Université de Paris, Paris Cardiovascular Research Centre, INSERM U970, France (A.N., M.P., A.B., T.M., G.A., V.B., L.C., A.C., H.N., P.-L.T., A.E., B.T., E.C.).
Institut des Vaisseaux et du Sang, Hôpital Lariboisière, France (M.P., P.-L.L.).
Circ Res. 2021 Feb 5;128(3):363-382. doi: 10.1161/CIRCRESAHA.120.316711. Epub 2020 Dec 2.

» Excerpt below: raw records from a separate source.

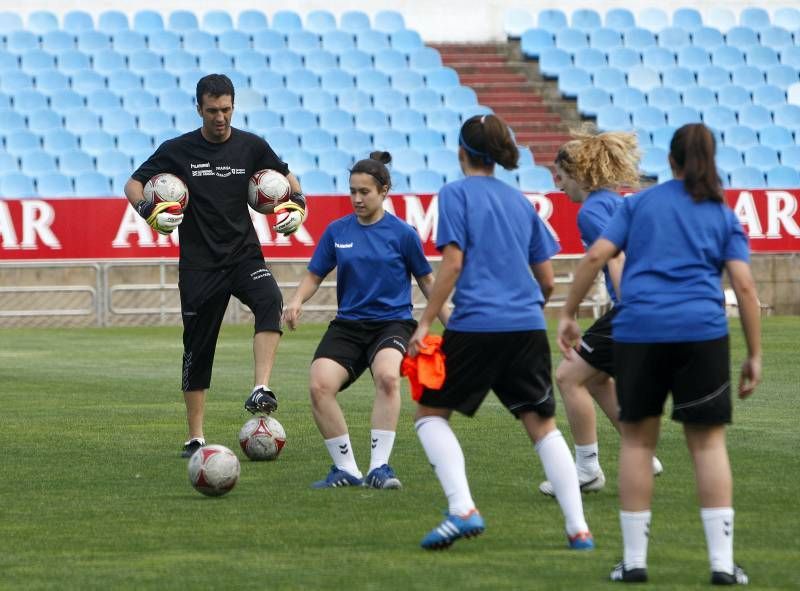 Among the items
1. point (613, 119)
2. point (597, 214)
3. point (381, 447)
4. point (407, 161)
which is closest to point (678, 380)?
point (597, 214)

Cerebrovascular function is critical for brain health, and endogenous vascular protective pathways may provide therapeutic targets for neurological disorders. S1P (Sphingosine 1-phosphate) signaling coordinates vascular functions in other organs, and S1P (S1P receptor-1) modulators including fingolimod show promise for the treatment of ischemic and hemorrhagic stroke. However, S1P also coordinates lymphocyte trafficking, and lymphocytes are currently viewed as the principal therapeutic target for S1P modulation in stroke.

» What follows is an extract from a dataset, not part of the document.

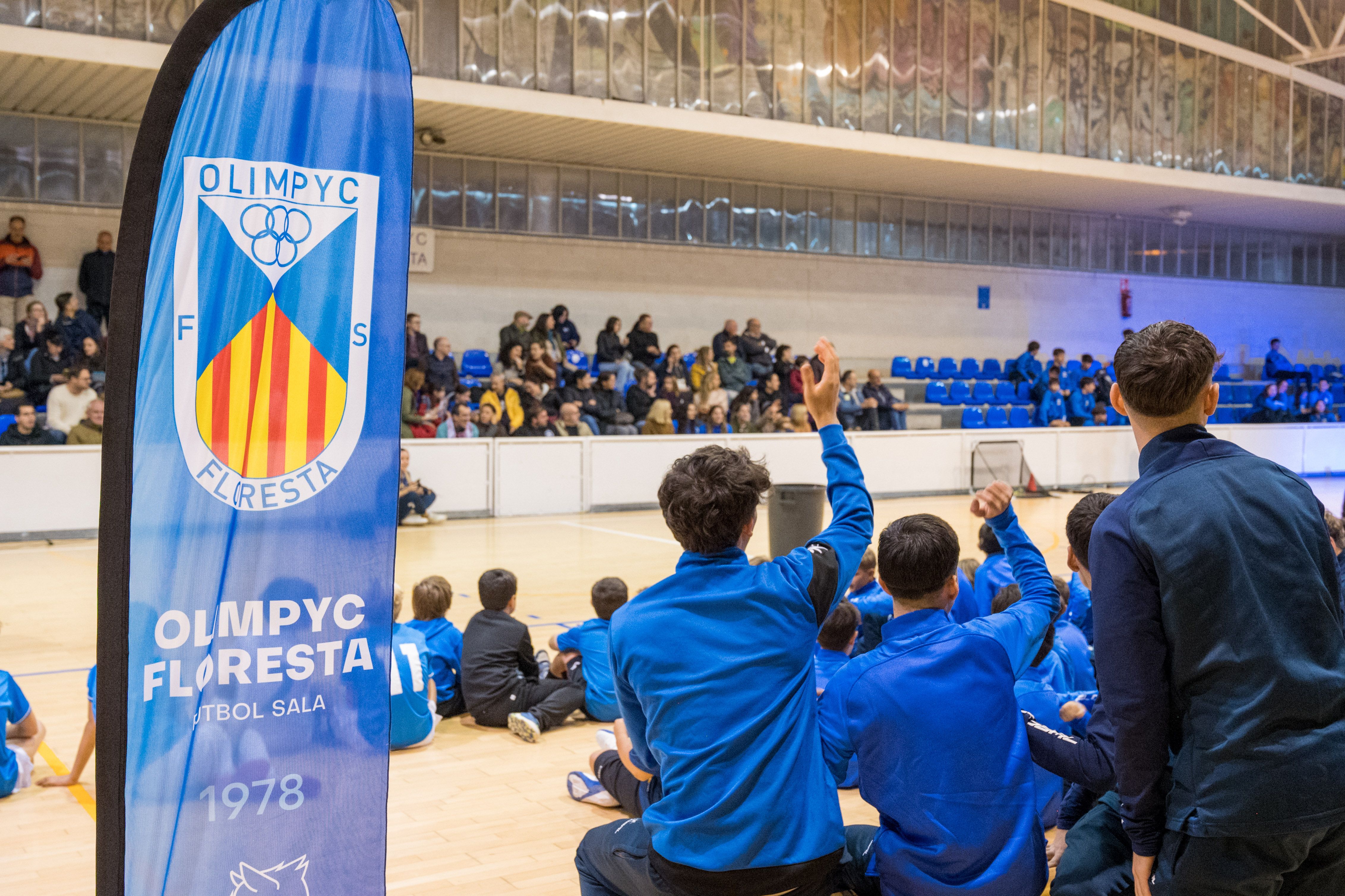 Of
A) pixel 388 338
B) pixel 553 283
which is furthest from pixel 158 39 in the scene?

To address roles and mechanisms of engagement of endothelial cell S1P in the naive and ischemic brain and its potential as a target for cerebrovascular therapy.

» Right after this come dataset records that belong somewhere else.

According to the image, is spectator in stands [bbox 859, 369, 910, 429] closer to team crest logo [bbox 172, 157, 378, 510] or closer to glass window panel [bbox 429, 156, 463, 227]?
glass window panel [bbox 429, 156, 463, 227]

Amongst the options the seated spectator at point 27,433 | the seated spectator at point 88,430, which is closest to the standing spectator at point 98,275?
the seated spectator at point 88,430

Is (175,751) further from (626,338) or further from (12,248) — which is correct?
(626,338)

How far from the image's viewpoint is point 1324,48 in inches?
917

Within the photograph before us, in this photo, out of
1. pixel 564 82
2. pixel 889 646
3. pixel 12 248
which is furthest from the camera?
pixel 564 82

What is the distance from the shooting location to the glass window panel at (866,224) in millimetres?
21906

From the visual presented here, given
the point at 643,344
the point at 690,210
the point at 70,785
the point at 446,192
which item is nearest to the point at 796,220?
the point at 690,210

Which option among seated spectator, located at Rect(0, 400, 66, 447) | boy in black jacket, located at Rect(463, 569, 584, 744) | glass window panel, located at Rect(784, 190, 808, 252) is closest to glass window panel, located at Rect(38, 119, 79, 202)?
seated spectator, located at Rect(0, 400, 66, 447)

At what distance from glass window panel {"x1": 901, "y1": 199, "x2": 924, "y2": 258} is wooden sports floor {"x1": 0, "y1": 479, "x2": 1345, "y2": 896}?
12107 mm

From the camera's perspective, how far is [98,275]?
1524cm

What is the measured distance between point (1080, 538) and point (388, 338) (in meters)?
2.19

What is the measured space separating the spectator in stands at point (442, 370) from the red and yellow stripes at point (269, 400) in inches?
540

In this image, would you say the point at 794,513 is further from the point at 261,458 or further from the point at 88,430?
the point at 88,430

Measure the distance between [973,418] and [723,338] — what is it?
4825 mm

Using spatial modulation of S1P provision and signaling, we demonstrate a critical vascular protective role for endothelial S1P in the mouse brain. With an S1P signaling reporter, we reveal that abluminal polarization shields S1P from circulating endogenous and synthetic ligands after maturation of the blood-neural barrier, restricting homeostatic signaling to a subset of arteriolar endothelial cells. S1P signaling sustains hallmark endothelial functions in the naive brain and expands during ischemia by engagement of cell-autonomous S1P provision. Disrupting this pathway by endothelial cell-selective deficiency in S1P production, export, or the S1P receptor substantially exacerbates brain injury in permanent and transient models of ischemic stroke. By contrast, profound lymphopenia induced by loss of lymphocyte S1P provides modest protection only in the context of reperfusion. In the ischemic brain, endothelial cell S1P supports blood-brain barrier function, microvascular patency, and the rerouting of blood to hypoperfused brain tissue through collateral anastomoses. Boosting these functions by supplemental pharmacological engagement of the endothelial receptor pool with a blood-brain barrier penetrating S1P-selective agonist can further reduce cortical infarct expansion in a therapeutically relevant time frame and independent of reperfusion.
This study provides genetic evidence to support a pivotal role for the endothelium in maintaining perfusion and microvascular patency in the ischemic penumbra that is coordinated by S1P signaling and can be harnessed for neuroprotection with blood-brain barrier-penetrating S1P agonists.
脑血管功能对大脑健康至关重要,内源性血管保护途径可能为神经紊乱提供治疗靶点。S1P(鞘氨醇 1-磷酸)信号在其他器官中协调血管功能,S1P(S1P 受体-1)调节剂包括 fingolimod,有望用于治疗缺血性和出血性中风。然而,S1P 也协调淋巴细胞的迁移,目前认为淋巴细胞是 S1P 调节在中风中的主要治疗靶点。
探讨内皮细胞 S1P 在未受刺激和缺血大脑中的作用和机制,及其作为脑血管治疗靶点的潜力。
我们使用 S1P 供应和信号的空间调节,证明了内皮细胞 S1P 在小鼠大脑中的关键血管保护作用。使用 S1P 信号报告基因,我们揭示了在血脑屏障成熟后,管腔外侧的极化使 S1P 免受循环内源性和合成配体的影响,将稳态信号限制在一小部分动脉内皮细胞中。S1P 信号维持了未受刺激大脑中的标志性内皮功能,并在缺血期间通过细胞自主的 S1P 供应而扩大。通过内皮细胞选择性缺乏 S1P 产生、输出或 S1P 受体来破坏这条途径,会显著加重永久性和短暂性缺血性中风模型中的脑损伤。相比之下,淋巴细胞 S1P 缺失引起的严重淋巴细胞减少症仅在再灌注的情况下提供适度的保护。在缺血性大脑中,内皮细胞 S1P 支持血脑屏障功能、微血管通畅性,并通过侧支吻合将血液重新引导至灌注不足的脑组织。通过补充药物与血脑屏障穿透性 S1P 选择性激动剂结合,以补充药物与血脑屏障穿透性 S1P 选择性激动剂结合,进一步增加内皮细胞受体池的药理学作用,可在治疗相关时间内独立于再灌注而进一步减少皮质梗死的扩张。
这项研究提供了遗传证据,支持内皮细胞在维持缺血半影区灌注和微血管通畅性方面发挥关键作用,这种作用是由 S1P 信号协调的,可以通过穿透血脑屏障的 S1P 激动剂进行神经保护。